● **Task requirements**
Transcribe word for word each line from the one containing "Spektrum Psychologie - Bin" to the final line of the data, both included. Skip the pictures.

Captioned web images:
*** Block opens ***

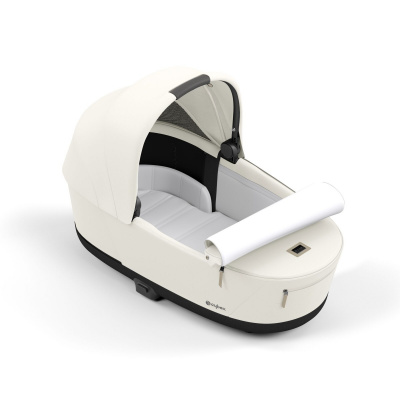 Коляска 2 в 1 Cybex Priam IV Off White (Белый) / Rosegold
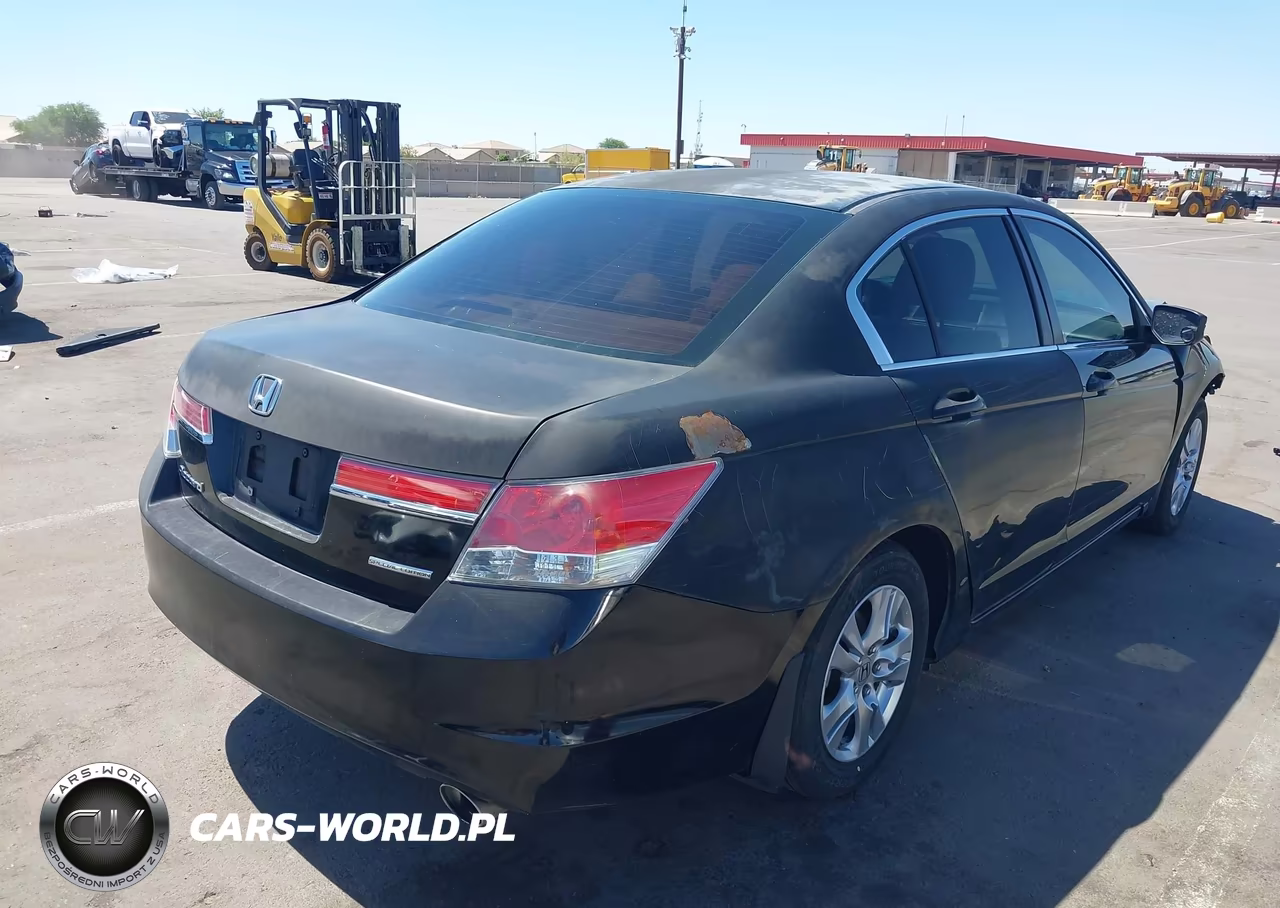 2011 Honda Accord 2.4 Se VIN:1HGCP2F68BA074345 - 4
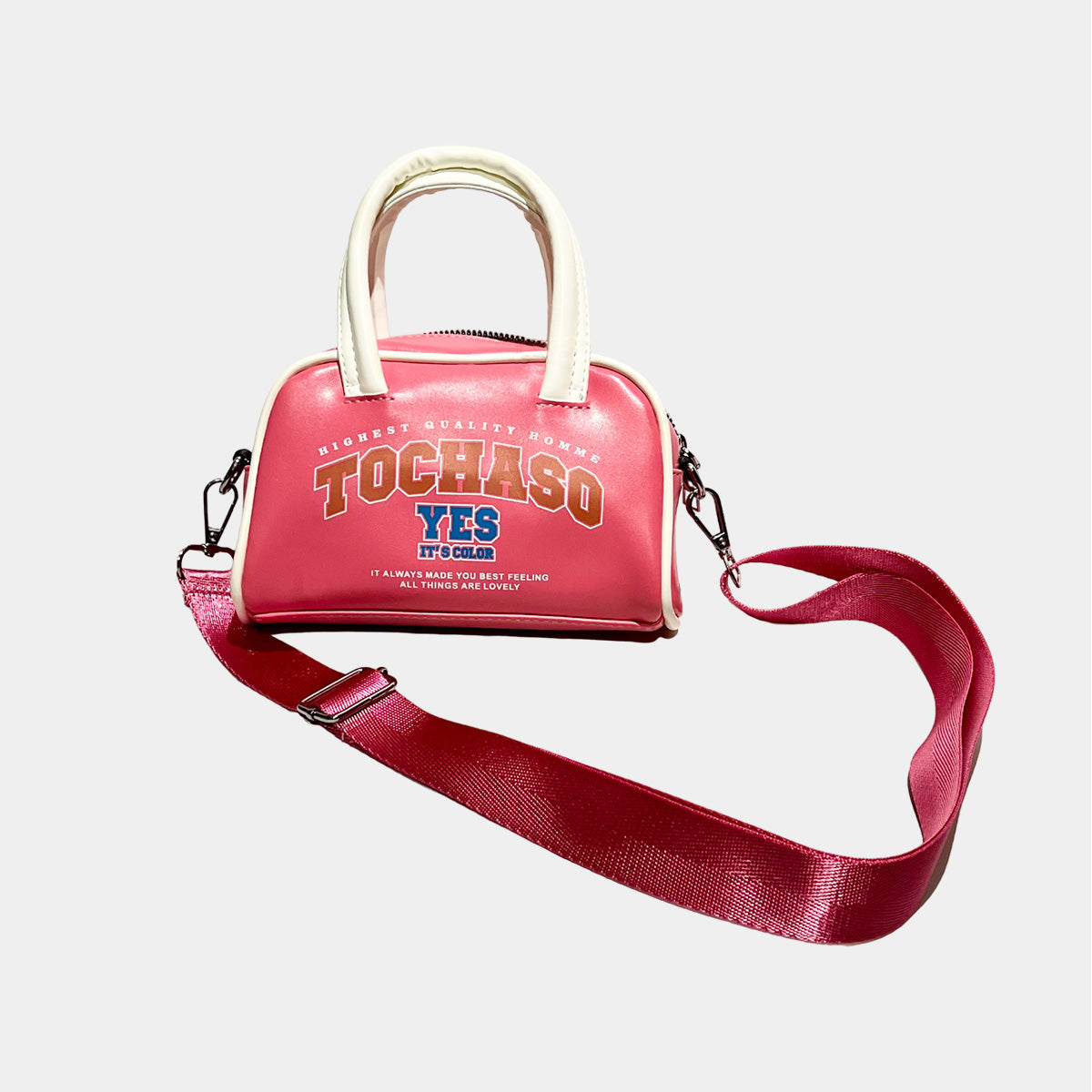 Casual Leather Tote Crossbody Bag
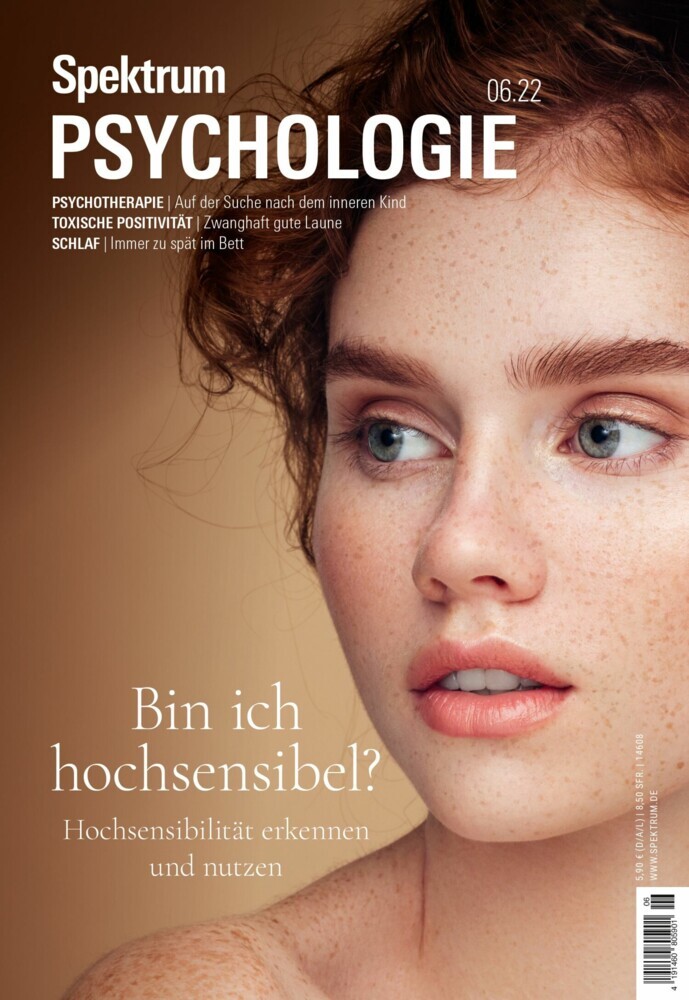 Spektrum Psychologie - Bin ich hochsensibel? main product photo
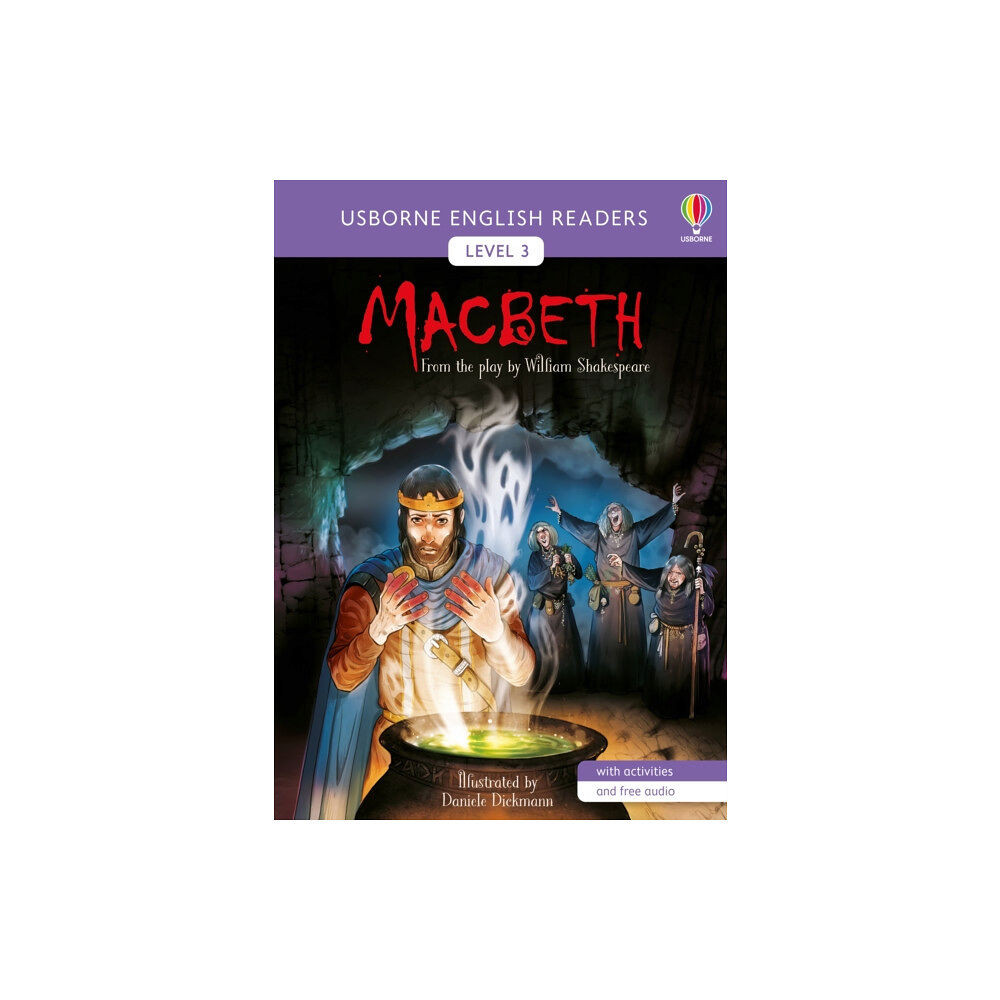 Usborne Publishing Ltd Macbeth (häftad, eng)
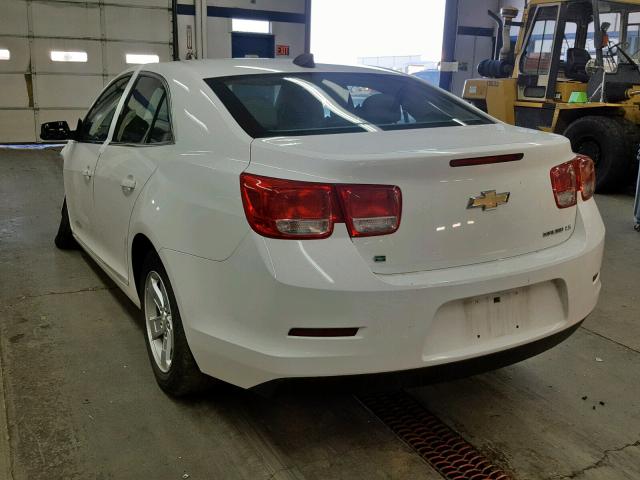 1G11B5SL3FU149158 - 2015 CHEVROLET MALIBU LS 白色 照片 3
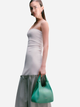 Zestaw (torebka + kosmetyczka) damski skórzany Gianni Chiarini BS-9719-RNGDBL-13859 Zielony (800070334540) - obraz 2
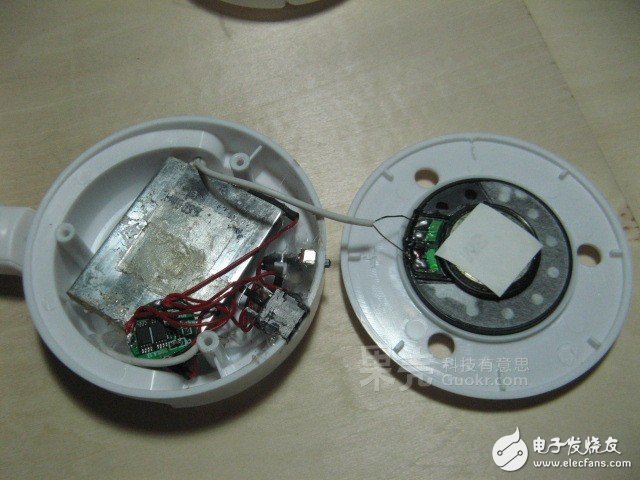 自制藍牙耳機電路圖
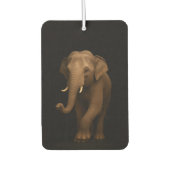 Black 4 Luxe Car Air Fresheners, Indian Elephant カーエアーフレッシュナー (正面)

*** Block closes ***

● **Task answer**
 Spektrum Psychologie - Bin ich hochsensibel? main product photo
 Usborne Publishing Ltd Macbeth (häftad, eng)
 1G11B5SL3FU149158 - 2015 CHEVROLET MALIBU LS 白色 照片 3
 Zestaw (torebka + kosmetyczka) damski skórzany Gianni Chiarini BS-9719-RNGDBL-13859 Zielony (800070334540) - obraz 2
 自制藍牙耳機電路圖
 Black 4 Luxe Car Air Fresheners, Indian Elephant カーエアーフレッシュナー (正面)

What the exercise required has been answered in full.